If you get a Glen puppy from a breeder, they would give you a feeding schedule and it's important to stick to the same routine, feeding the same puppy food to avoid any tummy upsets. You can change a puppy's diet, but this needs to be done very gradually always making sure they don't develop any digestive upsets and if they do, it's best to put them back on their original diet and to discuss things with the vet before attempting to change it again.
Older dogs are not known to be fussy eaters, but this does not mean they can be given a lower quality diet. It's best to feed a mature dog twice a day, once in the morning and then again in the evening, making sure it's good quality food that meets all their nutritional requirements. It's also important that dogs be given the right amount of exercise so they burn off any excess calories or they might gain too much weight which can lead to all sorts of health issues.

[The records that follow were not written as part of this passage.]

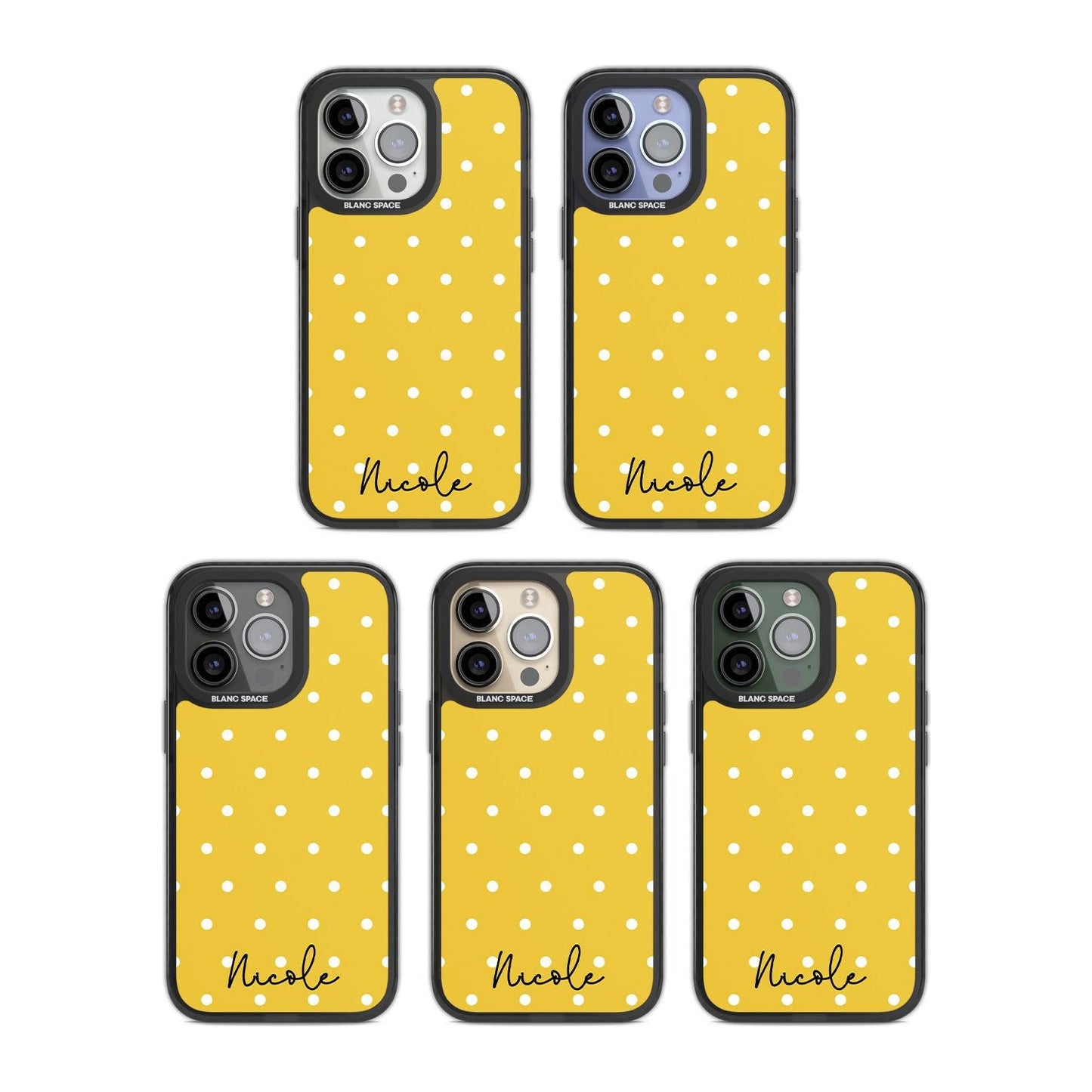 Personalised Yellow Polka Dot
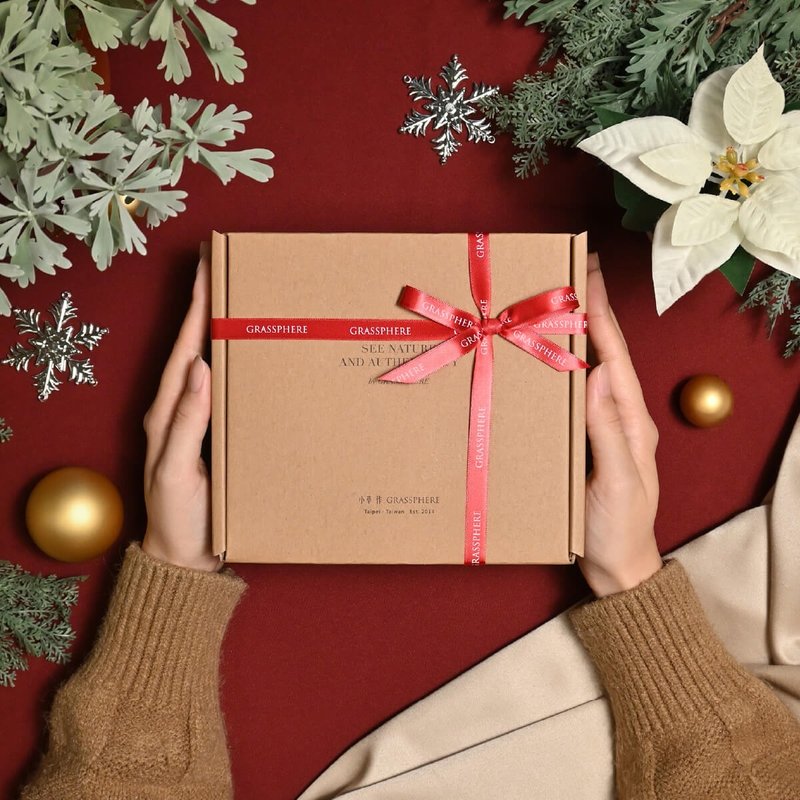 暖心伴手禮【暖薑黑糖鍋煮香料奶茶禮盒】DIY鍋煮奶茶 - 茶葉/茶包 - 新鮮食材 卡其色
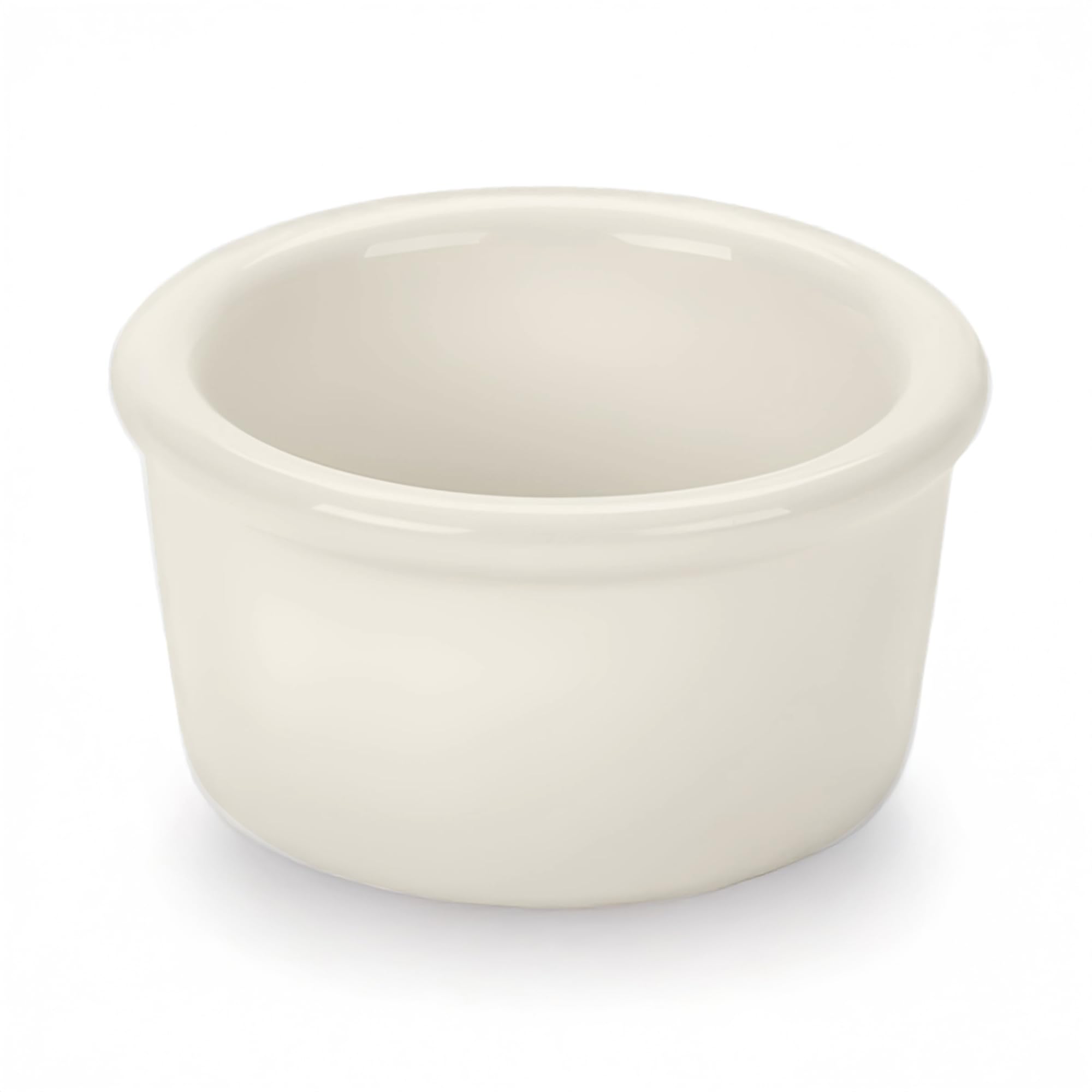 Tuxton China Bex-035 Ramekin, 3-1/2 Oz., 3-1/4'' Dia. X 1-5/8''H, Microwave & Dishwasher Safe, Oven Proof, Fully Vitrified, Lead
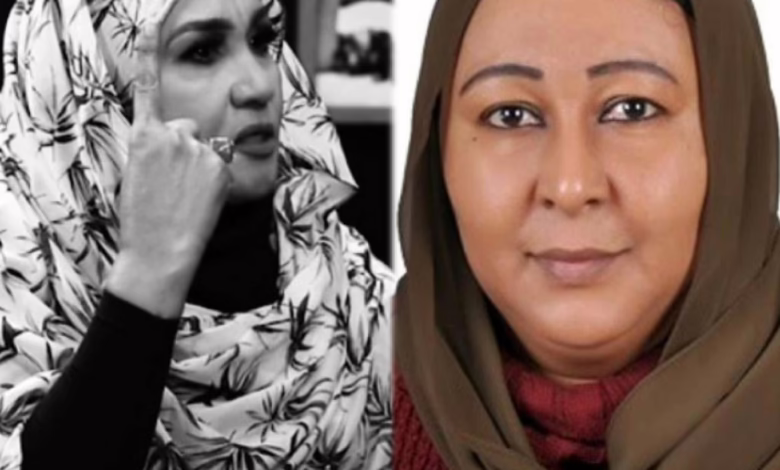 الصحفية أم وضاح ترد على الناشطة والكاتبة رشا عوض وتصفها بــ"الست رشوة" غفيرة باب الإمام.. اقسم بمن رفع السماء بلا عمد سأصيبك بجلطة 1 3c352b1e 08a9 473e b928 01df6f4238a7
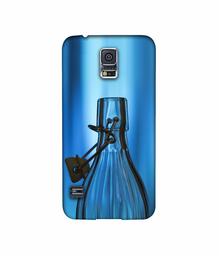 Amazon Brand - Solimo Designer Blue Bottle 3D Printed Hard Back Case Mobile Cover for Samsung Galaxy S5 i9600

Obesity can shorten a dog's life by several years so it's important to keep an eye on their waistline from the word go.
If you are looking to buy a Glen, you would need to register your interest with breeders and agree to being put on a waiting list because very few puppies are bred and registered with The Kennel Club every year. You would need to pay anything upwards of £500 for a well-bred pedigree puppy.
The cost of insuring a male 3-year-old Glen of Imaal Terrier in northern England would be £18.35 a month for basic cover but for a lifetime policy, this would set you back £41.75 a month (quote as of August 2016). When insurance companies calculate a pet's premium, they factor in several things which includes where you live in the UK, a dog's age and whether or not they have been neutered or spayed among other things.
When it comes to food costs, you need to buy the best quality food whether wet or dry making sure it suits the different stages of a dog’s life. This would set you back between £20 - £30 a month. On top of all of this, you need to factor in veterinary costs if you want to share your home with a Glen and this includes their initial vaccinations, their annual boosters, the cost of neutering or spaying a dog when the time is right and their yearly health checks, all of which quickly adds up to over £800 a year.
As a rough guide, the average cost to keep and care for a Glen of Imaal Terrier would be between £50 to £80 a month depending on the level of insurance cover you opt to buy for your dog, but this does not include the initial cost of buying a well-bred pedigree puppy.